We got a good court decision – but it was only as far as saying that ‘Yes, the Equal Pay Act is still alive, and it does still cover, and always did, equal pay for work of equal value’. That women from female-dominated occupations can take a case; with comparators for male-dominated occupations, and it doesn’t have to be within the same employer.
There was a good result, but it had not got as far as stipulating what a payrate should be, or anything. Essentially it was stage one, that said: Yes, we can take a case, and Yes, you can have comparators outside the workplace and that was appealed at the court of appeal, who upheld the Employment Court in a pretty good judgement. They tried to appeal to the Supreme Court, who said they wouldn’t take the case, said they might take it later on when it gets to the principles and actual amounts of money and so on. They weren’t taking it at this point. The next step was to establish some principles (in section 9 of the Equal Pay Act).

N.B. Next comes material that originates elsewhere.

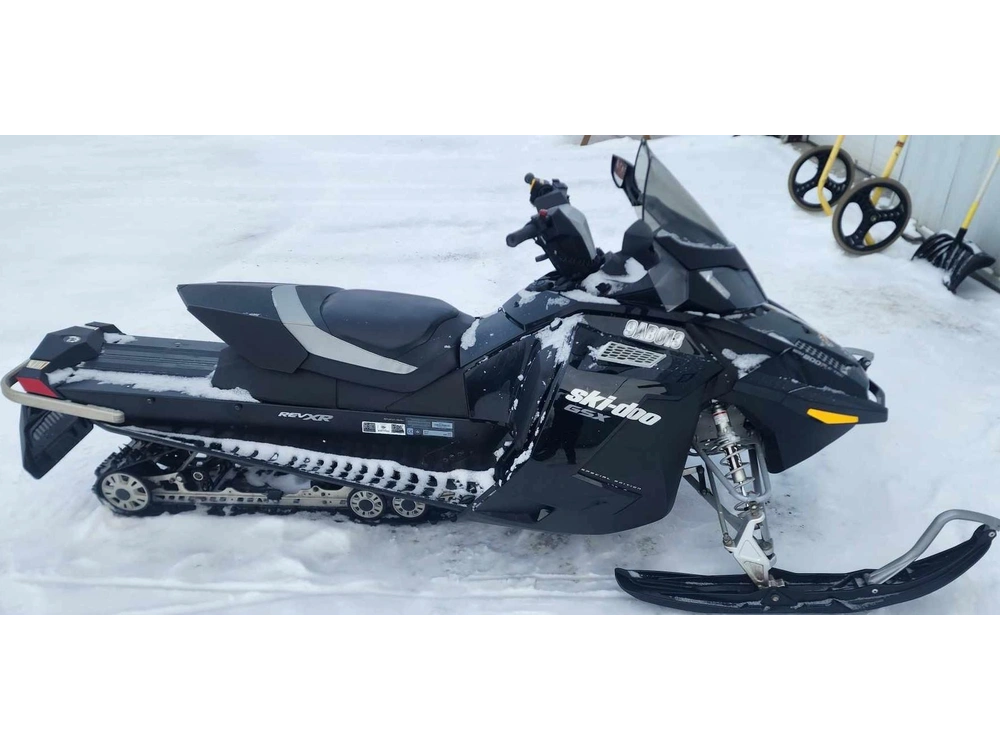 2012 Ski-doo Gsx Se 800r Etec alt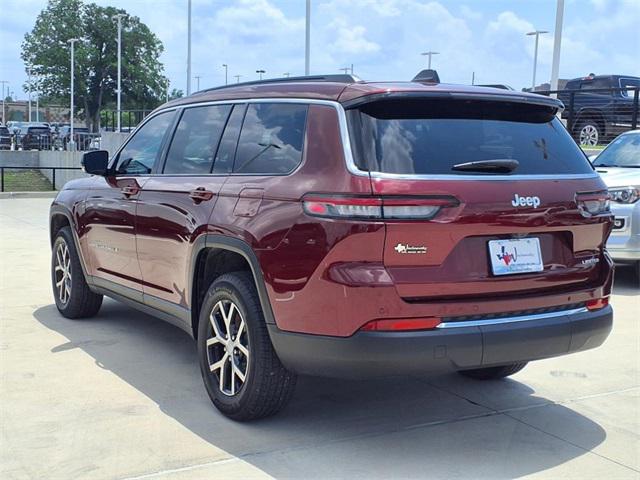 2024 Jeep Grand Cherokee L Limited 4x2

That was underway, but the government was scared to death, I think, of what the court would find.That it would cost a lot of money, that the principles would extend to a lot of female-dominated work, and so on. So the government proposed setting up a tripartite Working Party, with employers, unions and government, to try to set up the principles themselves and have them established by themselves and not by the courts.

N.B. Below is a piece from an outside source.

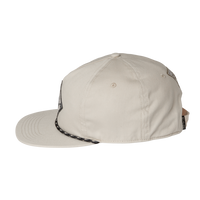 Columbia PHG Terminal™ Shot Snapback Cap, Dark Stone, Left Side view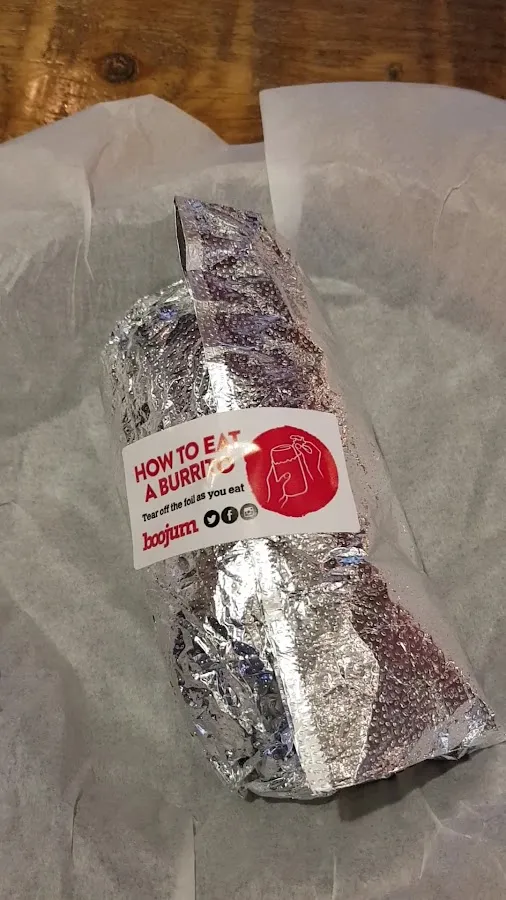 BookNoFees: Σνακ μπαρ – Boojum – Dublin – Boojum, φωτογραφία 3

This was in 2015. There ended up being two working parties, one for principles, and one to look at the actual case, the caring work itself. The “principles” Working Party reported toward the end of last year. The government accepted the principles toward the end of the year – to my view, they are not that brilliant, and do not do too much more than the Act does already. But they do have some mechanisms stuff in there, it’s a good start. The only thing was that the government were nervous about how wide the comparators were, and said you should have a hierarchy of comparators, and you should look within the workplace first. That’s where things are at with that Working Party.
The government has said changes to the Equal Pay Act will be needed in order to implement it, and those are going to be done in the first half of this year. A lot of us are nervous about opening up the Equal Pay Act, thinking it could have just been done by a set of regulations added to the Act. Once you start amending an Act – who knows what the government will try and amend it to say. Watch this space!

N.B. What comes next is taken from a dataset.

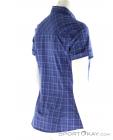Vaude Seiland Womens Shirt, Vaude, Blue, , Female, 0239-10222, 5637586242, 4052285441487, N1-16.jpg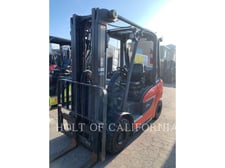 Linde H25T, Forklift, 2112 hours, S/N: H21202Y06337, 2022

The other Working Party on the actual amounts, and processes for caring work, has gone on and on. One hears rumours about it – there has certainly been an offer; it may be quite a few dollars. The caring workers are only paid, in the private sector, a little above minimum wage. Similar workers in the public sector probably receive around $21 or $22, and what one fears may happen is that they will even it up – pay parity between public and private sectors. That would be hard to turn down, and quite reasonably the workers in the industry would jump at it; but it is not true pay equity. Both sorts of workers are underpaid relative to other sorts of work, and we think something like $25-6 an hour, at a guess, would be better.